Cette interprétation de l’Heure fatidique et ses conséquences complexent l’homme (et la femme) musulman(e) quant à sa projection dans l’avenir et, par conséquent, il aura tendance à tourner son regard vers le passé au point de l’idéaliser. L’être musulman est inhibé, comme paralysé, car il considère que toute action est vaine et inutile quand il songe à l’avenir de l’humanité, et, petite et moins prestigieuse, quand il la compare au passé glorieux des musulmans. On remarque une sorte de résignation, de fatalisme et d’hésitation dans ses velléités d’action.

Il y a pourtant, dans toute cette littérature eschatologique, des propos prophétiques d’une tout autre nature, en tout cas beaucoup plus sensés et optimistes, mais que l’on feint d’ignorer. Nous demeurons surpris dans le choix sélectif, pas anodin, de certains hadiths par l’homme musulman qui se rend coupable d’une grave erreur tant la méditation de ces propos pourrait bouleverser la situation dans laquelle il végète.

Selon Anas, le Prophète (PBSL)a dit : « Si la fin du monde survenait alors que l’un d’entre vous tient dans sa main une plante, alors s’il peut la planter avant la fin du monde, qu’il le fasse ! » Dans ce propos, il y a au moins trois enseignements p our l’homme musulman :
1. qu’il se doit d’être responsable vis-à-vis des autres hommes ;
2. qu’il se doit d’être dans une logique d’action ;
3. qu’il se doit d’être généreux envers les hommes et la Nature.

Dire ou redire cela n’est qu’une manière de prendre exemple sur un homme, aussi inspiré qu’inspirant, que fut le Prophète Muhammad (PBSL). Il a enseigné également à l’homme musulman : « Travaille pour ce monde comme si tu devais y vivre éternellement et travaille pour l’Au-delà comme si tu devais mourir demain » (Abdallah Ibn Amr Ibn Al ‘As).

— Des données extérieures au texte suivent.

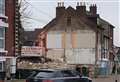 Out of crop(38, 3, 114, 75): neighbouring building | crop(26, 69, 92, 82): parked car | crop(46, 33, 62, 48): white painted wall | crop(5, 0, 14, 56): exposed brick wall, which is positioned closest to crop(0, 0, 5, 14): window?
crop(5, 0, 14, 56): exposed brick wall

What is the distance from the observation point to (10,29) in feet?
130

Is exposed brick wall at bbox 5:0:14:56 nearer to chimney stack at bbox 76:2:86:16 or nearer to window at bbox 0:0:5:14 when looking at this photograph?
window at bbox 0:0:5:14

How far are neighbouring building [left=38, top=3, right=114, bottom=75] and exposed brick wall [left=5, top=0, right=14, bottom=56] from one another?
33.2 meters

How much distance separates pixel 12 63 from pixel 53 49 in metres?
35.2

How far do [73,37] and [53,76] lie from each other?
164ft

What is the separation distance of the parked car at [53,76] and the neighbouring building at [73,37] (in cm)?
4599

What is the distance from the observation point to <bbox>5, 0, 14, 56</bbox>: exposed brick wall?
39281mm

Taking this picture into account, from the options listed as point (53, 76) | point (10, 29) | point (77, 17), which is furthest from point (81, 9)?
point (53, 76)

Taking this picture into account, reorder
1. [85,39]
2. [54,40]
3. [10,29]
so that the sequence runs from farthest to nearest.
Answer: [54,40], [85,39], [10,29]

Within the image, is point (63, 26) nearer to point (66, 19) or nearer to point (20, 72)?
point (66, 19)

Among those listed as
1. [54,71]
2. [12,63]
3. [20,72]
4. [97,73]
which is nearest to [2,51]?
[12,63]

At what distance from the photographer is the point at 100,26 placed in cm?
7631

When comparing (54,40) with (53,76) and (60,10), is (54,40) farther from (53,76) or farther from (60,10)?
(53,76)

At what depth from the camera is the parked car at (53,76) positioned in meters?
23.5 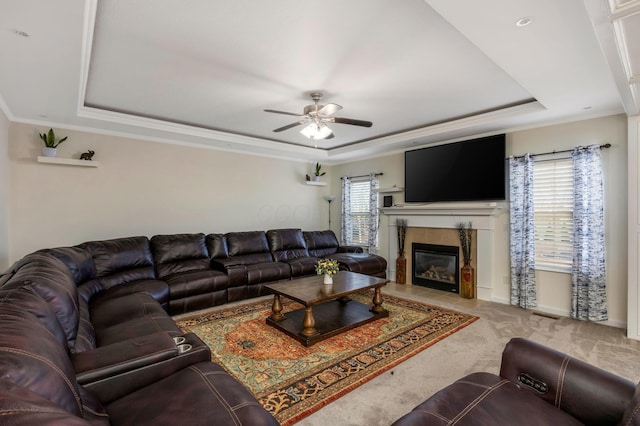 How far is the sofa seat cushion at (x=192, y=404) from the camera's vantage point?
121cm

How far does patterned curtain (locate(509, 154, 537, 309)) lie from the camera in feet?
13.9

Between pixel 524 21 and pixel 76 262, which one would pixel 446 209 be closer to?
pixel 524 21

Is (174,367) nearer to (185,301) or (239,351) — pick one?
(239,351)

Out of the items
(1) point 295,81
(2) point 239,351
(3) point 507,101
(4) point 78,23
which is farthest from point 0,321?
(3) point 507,101

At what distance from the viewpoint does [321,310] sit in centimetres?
393

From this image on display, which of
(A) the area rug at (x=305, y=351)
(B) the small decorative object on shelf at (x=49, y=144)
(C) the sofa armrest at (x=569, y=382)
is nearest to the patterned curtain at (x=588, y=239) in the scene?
(A) the area rug at (x=305, y=351)

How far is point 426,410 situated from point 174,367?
1.31 metres

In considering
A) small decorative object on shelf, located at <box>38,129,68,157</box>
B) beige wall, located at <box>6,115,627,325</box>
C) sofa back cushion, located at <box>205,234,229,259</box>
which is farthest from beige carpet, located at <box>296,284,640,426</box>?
small decorative object on shelf, located at <box>38,129,68,157</box>

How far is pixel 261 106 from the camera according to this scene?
13.0 feet

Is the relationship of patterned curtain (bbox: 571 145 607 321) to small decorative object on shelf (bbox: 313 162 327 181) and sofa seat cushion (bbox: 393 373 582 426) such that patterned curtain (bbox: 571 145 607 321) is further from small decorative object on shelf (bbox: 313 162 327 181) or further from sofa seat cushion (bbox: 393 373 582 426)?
small decorative object on shelf (bbox: 313 162 327 181)

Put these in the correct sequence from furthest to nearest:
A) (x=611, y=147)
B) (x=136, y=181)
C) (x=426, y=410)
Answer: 1. (x=136, y=181)
2. (x=611, y=147)
3. (x=426, y=410)

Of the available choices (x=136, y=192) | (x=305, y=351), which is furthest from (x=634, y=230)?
(x=136, y=192)

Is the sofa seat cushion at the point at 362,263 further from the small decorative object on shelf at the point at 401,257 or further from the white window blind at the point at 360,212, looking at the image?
the white window blind at the point at 360,212

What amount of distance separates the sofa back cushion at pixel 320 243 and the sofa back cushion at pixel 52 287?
4.33 metres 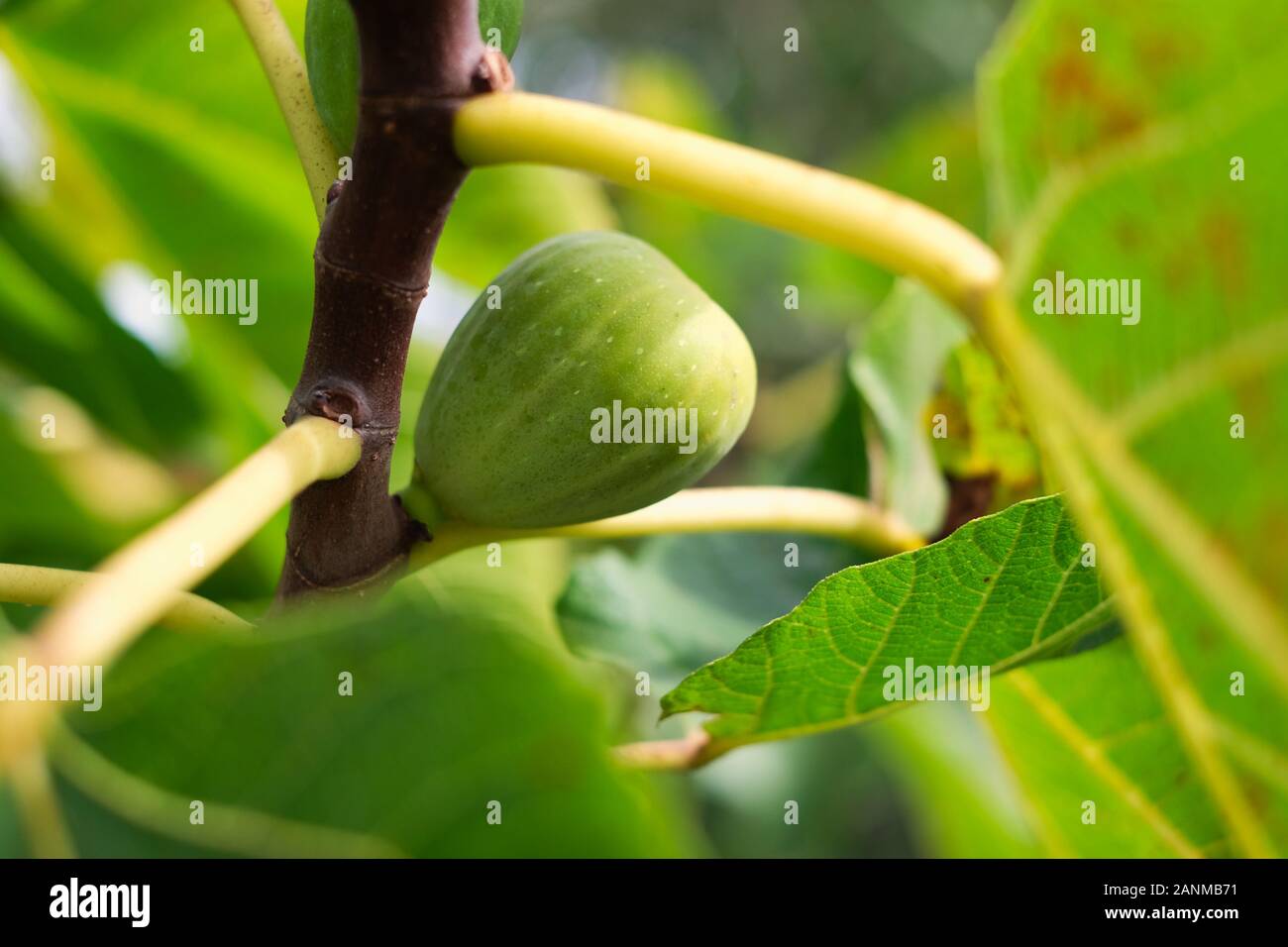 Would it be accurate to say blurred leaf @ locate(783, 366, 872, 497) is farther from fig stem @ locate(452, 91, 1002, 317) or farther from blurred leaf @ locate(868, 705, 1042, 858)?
fig stem @ locate(452, 91, 1002, 317)

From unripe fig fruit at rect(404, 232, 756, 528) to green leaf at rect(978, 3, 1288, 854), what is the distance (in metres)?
0.23

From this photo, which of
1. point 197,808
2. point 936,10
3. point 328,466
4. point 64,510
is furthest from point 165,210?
point 936,10

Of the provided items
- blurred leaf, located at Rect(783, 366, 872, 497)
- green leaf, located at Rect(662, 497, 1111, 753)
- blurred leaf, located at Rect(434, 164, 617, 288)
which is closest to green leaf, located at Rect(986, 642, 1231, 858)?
green leaf, located at Rect(662, 497, 1111, 753)

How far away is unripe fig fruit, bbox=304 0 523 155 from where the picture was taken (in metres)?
0.69

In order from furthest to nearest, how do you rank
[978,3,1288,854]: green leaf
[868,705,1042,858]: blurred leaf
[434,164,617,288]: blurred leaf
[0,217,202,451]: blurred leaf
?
[868,705,1042,858]: blurred leaf → [434,164,617,288]: blurred leaf → [0,217,202,451]: blurred leaf → [978,3,1288,854]: green leaf

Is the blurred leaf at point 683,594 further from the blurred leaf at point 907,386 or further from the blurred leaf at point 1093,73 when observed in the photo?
the blurred leaf at point 1093,73

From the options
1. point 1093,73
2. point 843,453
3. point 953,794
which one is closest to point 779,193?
point 1093,73

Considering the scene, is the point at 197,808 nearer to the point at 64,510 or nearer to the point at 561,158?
the point at 561,158

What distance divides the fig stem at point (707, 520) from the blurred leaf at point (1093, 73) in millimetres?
341

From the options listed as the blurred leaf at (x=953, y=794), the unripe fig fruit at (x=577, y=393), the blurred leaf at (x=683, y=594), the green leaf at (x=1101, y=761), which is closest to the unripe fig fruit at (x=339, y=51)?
the unripe fig fruit at (x=577, y=393)

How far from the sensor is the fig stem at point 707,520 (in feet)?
2.62

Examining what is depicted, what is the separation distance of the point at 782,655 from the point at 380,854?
1.07 feet

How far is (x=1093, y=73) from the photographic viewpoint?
1.86 feet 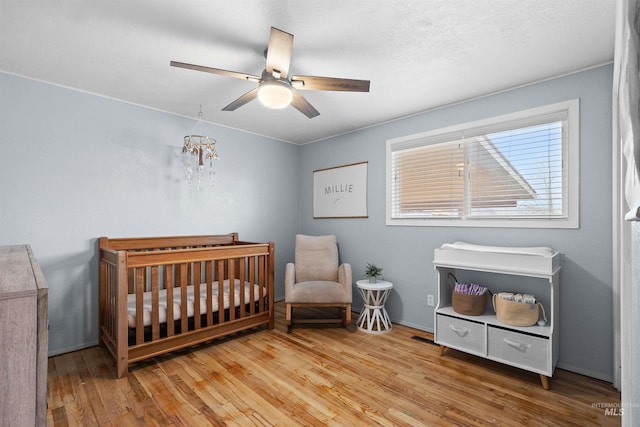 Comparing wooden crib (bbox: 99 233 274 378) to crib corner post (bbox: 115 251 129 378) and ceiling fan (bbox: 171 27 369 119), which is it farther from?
ceiling fan (bbox: 171 27 369 119)

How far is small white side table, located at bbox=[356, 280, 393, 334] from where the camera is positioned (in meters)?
3.11

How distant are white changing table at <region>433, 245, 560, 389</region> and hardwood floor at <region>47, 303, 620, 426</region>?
6.4 inches

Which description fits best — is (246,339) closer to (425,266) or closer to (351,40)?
(425,266)

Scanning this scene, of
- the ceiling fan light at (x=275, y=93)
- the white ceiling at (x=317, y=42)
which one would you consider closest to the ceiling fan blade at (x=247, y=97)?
the ceiling fan light at (x=275, y=93)

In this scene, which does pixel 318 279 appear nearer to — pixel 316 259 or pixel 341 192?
pixel 316 259

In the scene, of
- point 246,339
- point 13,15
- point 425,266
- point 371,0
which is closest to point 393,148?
point 425,266

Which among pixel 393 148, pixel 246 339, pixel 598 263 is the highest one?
pixel 393 148

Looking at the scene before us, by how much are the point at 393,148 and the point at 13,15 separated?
3078mm

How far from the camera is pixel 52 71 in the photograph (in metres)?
2.32

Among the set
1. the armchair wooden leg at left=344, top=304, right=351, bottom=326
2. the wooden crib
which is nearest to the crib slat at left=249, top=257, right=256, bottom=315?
the wooden crib

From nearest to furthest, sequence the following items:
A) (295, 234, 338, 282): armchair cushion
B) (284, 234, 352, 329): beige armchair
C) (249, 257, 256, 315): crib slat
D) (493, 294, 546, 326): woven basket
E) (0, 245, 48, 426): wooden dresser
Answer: (0, 245, 48, 426): wooden dresser < (493, 294, 546, 326): woven basket < (249, 257, 256, 315): crib slat < (284, 234, 352, 329): beige armchair < (295, 234, 338, 282): armchair cushion

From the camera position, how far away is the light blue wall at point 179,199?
7.27 feet

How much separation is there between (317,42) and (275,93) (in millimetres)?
420

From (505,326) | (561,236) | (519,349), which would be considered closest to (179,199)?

Lui qui durant toute sa vie a mis en pratique cette devise, d’une part, savourait et partageait le présent avec les musulmans et les non-musulmans et, d’autre part, contribuait et œuvrait, au nom du Divin, à un avenir à visage humain.

Ces enseignements devraient, en principe, permettre à l’homme musulman d’arrêter de spéculer sur la fin du monde car, même s’il la voyait, il se devra d’être responsable, optimiste et généreux dans ses actions.

Cette nouvelle dynamique d’action, due à un regard nouveau et serein sur l’avenir du monde car dépolluée d’une vision apocalyptique de la fin des temps, peut permettre à l’être musulman de dégager son horizon et d’envisager une contribution plus active et plus riche envers l’humanité, afin qu’il soit à la hauteur de sa responsabilité spirituelle et historique sur Terre.


Jamel El Hamri est étudiant en 5e année d’études islamiques à l'IIIT France (Institut international de la pensée islamique).